The Fundamentals of Freezing, Plus Freezer-Friendly Recipes
You heard it straight from the co-hosts on this morning's all-new episode of The Kitchen: Frozen foods can make mealtimes simpler, quicker and heartier. With the help of some ready-to-go ingredients in the freezer, Jeff prepared his Freezer Fry-Up with Sunny-Side-Up Eggs, a family-friendly meal made with frozen pork, sweet potatoes and corn. But being able to rely on a stocked freezer full of your family's ready-to-go staples requires a bit of planning, and it's important to know which foods freeze best and how to properly freeze them in order to ensure the best results. After all, no one wants to open the door to find freezer-burned ingredients. Check out a few of Food Network's top tips for preparing meat, vegetables and fruits for freezing, then get freezer-friendly recipes for any meal of the day.

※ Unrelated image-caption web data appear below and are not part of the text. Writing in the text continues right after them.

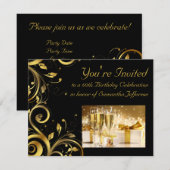 Zwart en Gouden Swirl, Aangepaste 60ste Verjaardag Kaart (Voorkant / Achterkant)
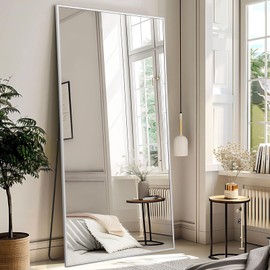 MELOMOIR 76"x34" Oversized Full Length Mirror, Free Standing Leaning or Hanging, Suitable for Bedroom Living Room Home Gym Cloakroom, Thin Aluminum Frame, Tempered Glass, Silver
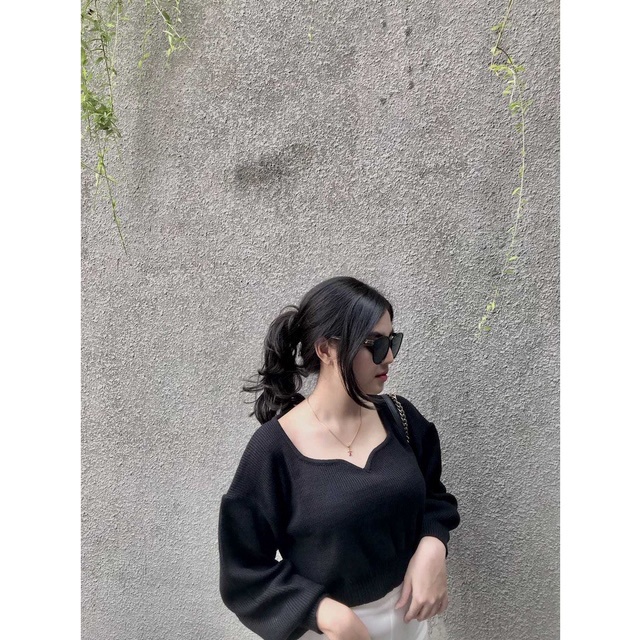 BEFAST - ZEC OOTD Sweater Wanita NARIKA / RJT Nessya Knit Sweater / Pakaian Atasan Sweater Terbaru / Sweater Leher V / Fashion Wanita Remaja Terbaru / Sweater Polos Casual / Outfit Ala Korean Style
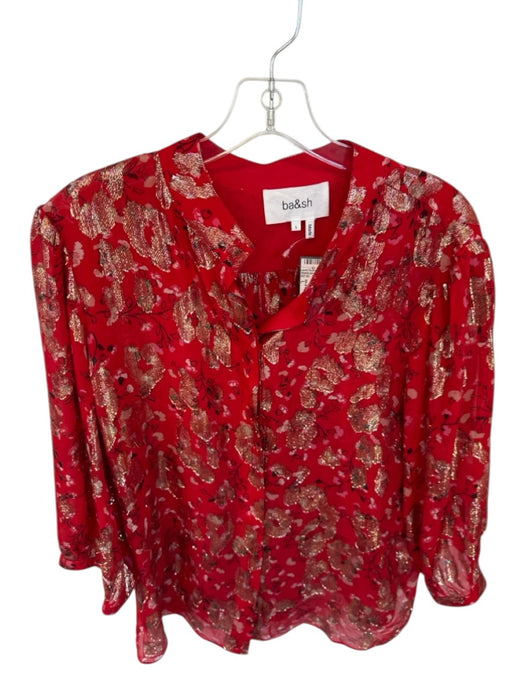 BA & SH Size L Red & Gold Silk Blend Long Sleeve Flowers Metallic Top Red & Gold / L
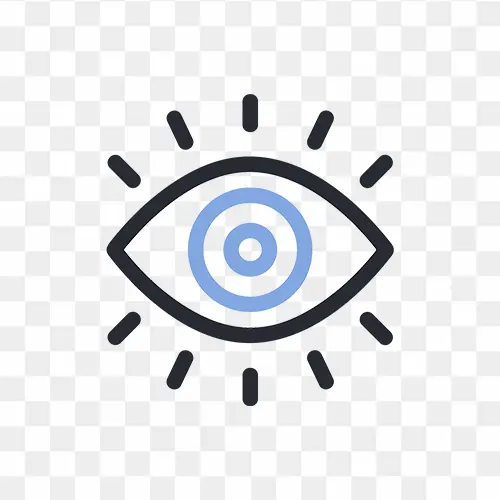 Eyes icon in PNG format, free download – transparent background symbol for vision, view, and design projects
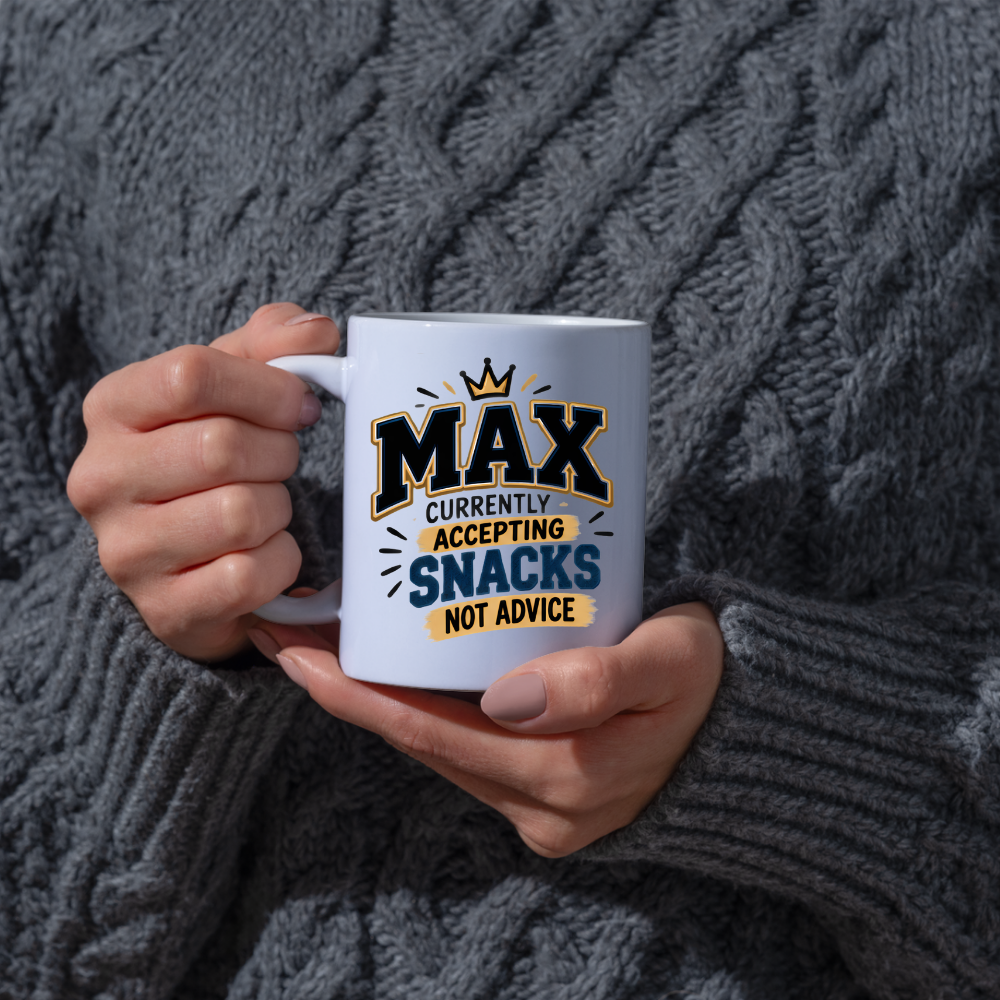 Personalized Name Mug "Max Currently Accepting Snacks Not Advice" Max Currently Accepting Snacks 325ml Ceramic Coffee Mug – Custom Name Varsity Typography Slogan with Golden Crown & Brushstroke Highlights | Funny Gift | Fast Dispatch by UK Seller (M3444)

Storage Solutions: Picking the correct bag or bin for what it is you're freezing will help protect the food inside. It's important to try to limit the air around the food, so opt for re-sealable plastic bags, especially when freezing fruits and vegetables, or small containers if freezing liquids.
Portion Control: If you stock up on meat when it's on sale at the grocery store, try freezing it in individual servings. This way you can thaw only as much as you need; once meat has been thawed, it's best not to refreeze it — unless you'll break it down later for a stew.
Prep Work: Precooking some produce, like vegetables and apples, may help maintain the taste and prevent the development of freezer burn, so it's a good idea to quickly blanch them before freezing. Berries are best left uncooked, but they should be carefully packaged; first freeze them on a flat surface, then transfer them to a plastic bag for long-term storage.
Save the Date: Just because food is stashed away in the freezer doesn't mean it will last forever. In general, meats will be good for between 3 and 5 months, vegetables for 2 to 3 months and fruits for up to 3 months. You can avoid throwing away potentially still-safe food if it's labeled; just write the packaging date on the plastic bag as a reminder.